I spoke to both the Chair and the Managing Director in the couple of weeks before the Budget. So the inference from Quentin Dempster that in some way the organisation, I think he said was 'blindsided', is not correct.

EPSTEIN:

Well if you tell them a few weeks ago, or on Budget night, it's the same thing isn't it? They certainly didn't see it coming, did they?

FIFIELD:

Well we did have conversations with the ABC in the weeks beforehand. So to say that the organisation was blindsided on Budget night is not correct. And the ABC - I know - always likes to be factually correct. And so I'm happy to assist on that point.

EPSTEIN:

Oh thank God you're live fact-checking us. Can I just ask, there is a $40 million news package - I don't want to get into the technical details - but it's separate to the funding freeze runs out in July next year. It funds things like news rooms or reporters in Ipswich, Parramatta, Geelong, the investigative teams. There are dozens of people in those jobs, if that money doesn't continue next July, those jobs might need to go. Is that money going to continue or will the jobs have to go?

FIFIELD:

Look it's a good point, because I was rather perplexed when I saw Gaven Morris, the Director or News at ABC, tweet yesterday morning that $43 million for that enhanced news service was not continuing. In fact, he said that 'a decision had been taken' to cease it. Now that’s not the case. That funding continues for another year.

EPSTEIN:

So no one in government conveyed that message to the ABC?

FIFIELD:

It is something that is in addition to the base funding…

EPSTEIN:

Can I take you back there because I sense a non-answer, did nobody tell the news division that that money would stop?

FIFIELD:

Raf, it wasn’t a non-answer. It was an answer that I was part-way through giving. So, if I can continue. That $43 million is on top of the ABC’s base funding. It was a proposition the ABC put before the latest triennium funding that there should be additional funding on a time-limited basis. Now, the ABC, in the ordinary course of events, if they think that there is something in addition to their base funding that should be supported, will put a proposition to government.

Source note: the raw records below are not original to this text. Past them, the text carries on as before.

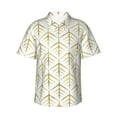 thumbnail image 1 of Haiem White And Gold Geometry Printed Hawaiian Shirt for Men - Men’s Casual Beach Summer Shirts - Stretch Fabric with Modern Fit-X-Large, 1 of 9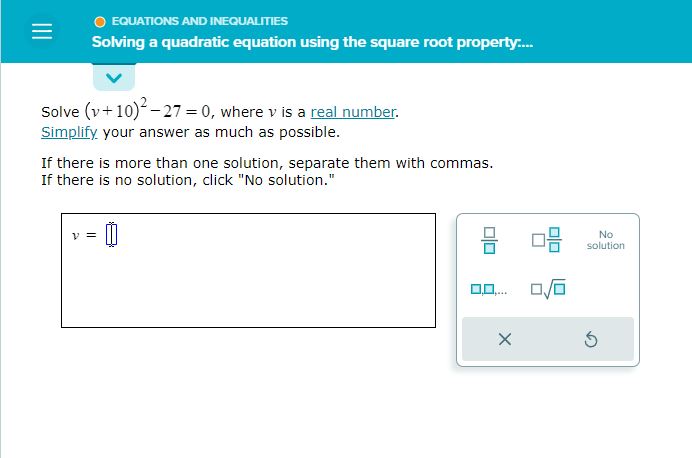 module is equations and inequalities, topic is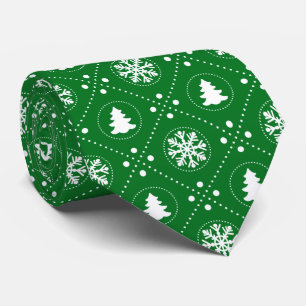 Classy Green Festive Christmas Pattern Tie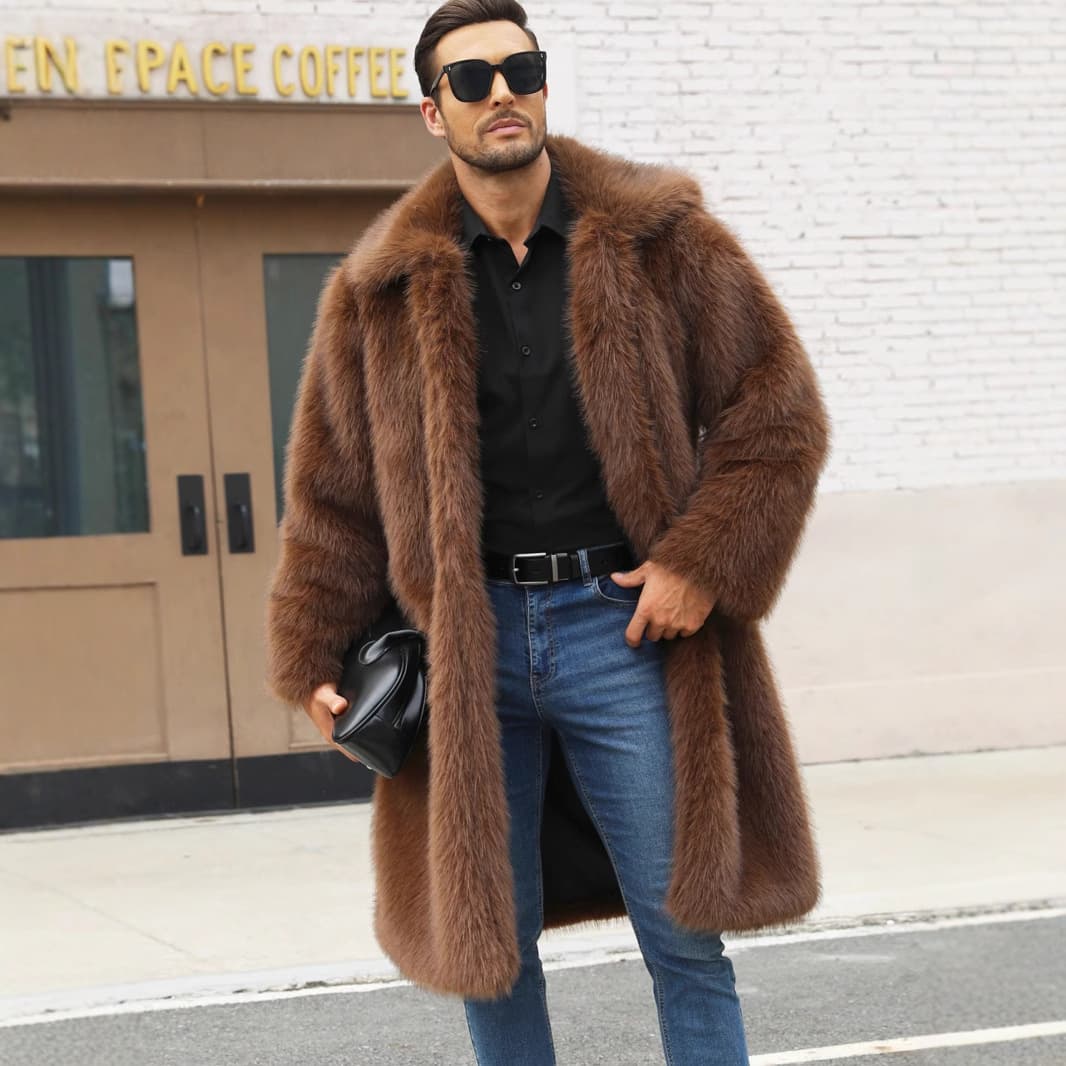 Cross-border European and American men's autumn and winter imitation fur coat, imitation fox fur coat, cold-proof and warm coat T0794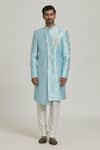Buy Adara Khan Sky Blue Lining Faux Satin, Pant Dupion Art Placed Embellished Pattern With Online at Aza Fashions Buy_Adara Khan_Sky Blue Lining Faux Satin, Pant Dupion Art Placed Embellished Pattern With_Online_at_Aza_Fashions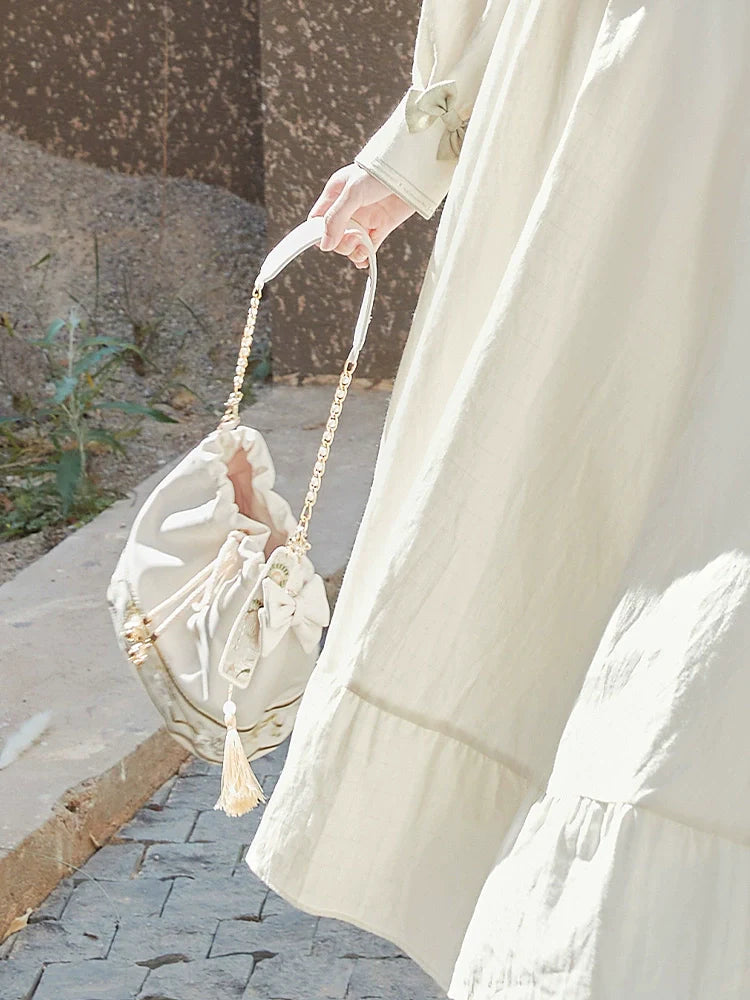 Embroidered Tassel Pendant Bucket Shoulder Bag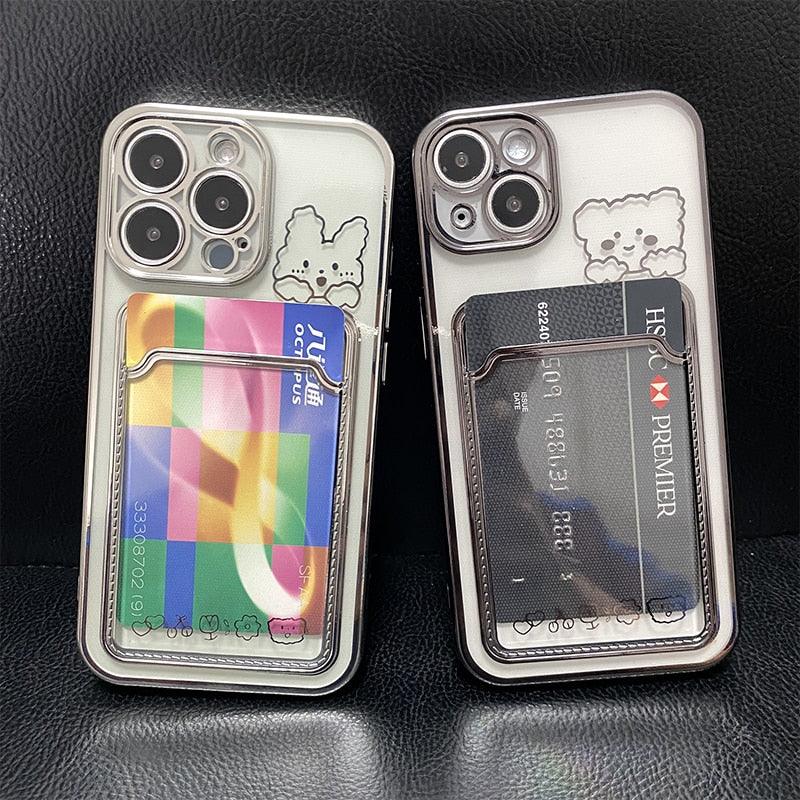 Ultra-light Transparent Photo Card Pocket Wallet Case For iPhone 13 11 12 14 Pro Max XS XR X 8 7 6S Plus Plating Cute Bear Rabbit Soft Phone Cover Cute Case with Card Holder Soft Cover Stevvex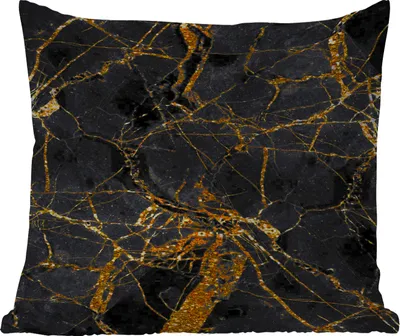 Produktbild von MuchoWow® Outdoor Kissen - Marmor - Gold - Schwarz - Glitter - 60x60 cm - Wetterfest - Lounge Kissen - Dekoration - Schlaf Kissen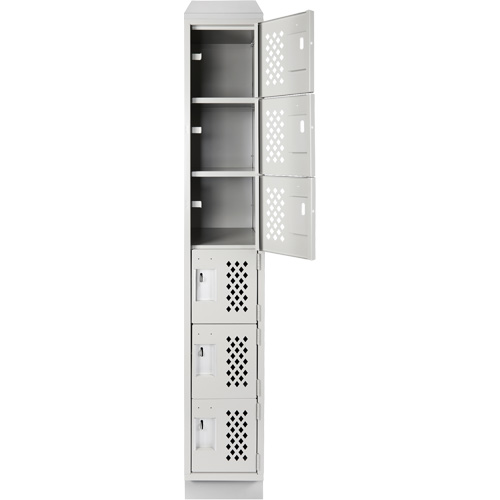 Assembled Lockerettes Clean Line Perforated Economy Lockers, 6 -tier, 18" x 72" x 12", Steel Fastek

The ABC have not done that as yet. And I would imagine that they will. But it was completely wrong for ABC News and its news director to say that government had taken a decision to cease that money. Not the case. It continues for another year. And I would assume that in the ordinary budgetary process that the ABC will put a proposition in.

EPSTEIN:

You’ve mentioned Gaven Morris, I want to play a little bit, he gave a speech today in Melbourne about what the cuts might mean. Let’s listen to what he had to say.

Gaven Morris

“At ABC news, almost 96 per cent of our annual budget of about $200 million is spent on journalism and production. Make no mistake, there is no more fat to cut at the ABC. Any more cuts to the ABC, cuts into the muscle of the organisation.”

EPSTEIN:

Is he right or wrong do you think, Minister?

FIFIELD:

Well he was talking about the News division of the ABC and I think he mentioned $200 million. The ABC receives in excess of a billion dollars a year. The purpose of the efficiency review is to look to see if there are areas where the ABC can do better with the resources that they have…

EPSTEIN:

Is he right or wrong to say that, that there’s no more fat to cut?

FIFIELD:

…That is something that is good housekeeping. Gaven Morris, might have the benefit of knowing what an efficiency review will conclude. I don’t, because they haven’t yet undertaken their work. We will see them do that work. They will work closely with the ABC management and with SBS management as well. And we will see what they produce. But for anyone, in any organisation to say; “look, we are the best that we can possibly be, that it’s impossible to manage the organisation better, that there are no ways that we can improve our processes in what we do”, that’s a strange attitude. And I’d be disappointed with anyone in any organisation in my portfolio who took that approach. The general attitude is we should always be looking to be better stewards of the taxpayer dollars. And that’s what we’re looking for.

EPSTEIN:

Look I will get to people’s calls, there’s a quite a few red flashing lights in front of me and I’ll get to texts as well. I think there’s a vacancy on the ABC board to be filled still minister, is that likely to come soon?

FIFIELD:

It will come very soon. As you know, one of my predecessors, Stephen Conroy, legislated an independent nomination panel process at arm’s-length from Government. And what that process means is that these appointment take longer then they might if the government of the day could simply make the appointments. So anyway, we’ll go through that process. We’ll observe it as the law requires. But that is almost concluded. And we’ll have more to say very shortly.

EPSTEIN:

And is the new board member got a membership at the Institute of Public Affairs?

FIFIELD:

You’ll have to wait and see, Raf.

EPSTEIN:

Do you know the answer on that one?

FIFIELD:

Raf, I don’t know. It’s not a qualification to be a member of the board of the ABC to belong to that organisation. But yes, I don’t know if the successful applicant is or isn’t.

EPSTEIN:

But you have chosen the successful applicant?

FIFIELD:

We will be saying something very soon.

EPSTEIN:

Ok, we’ll leave it there, thanks for your time, appreciate it.

FIFIELD:

Good to be with you.

[ends]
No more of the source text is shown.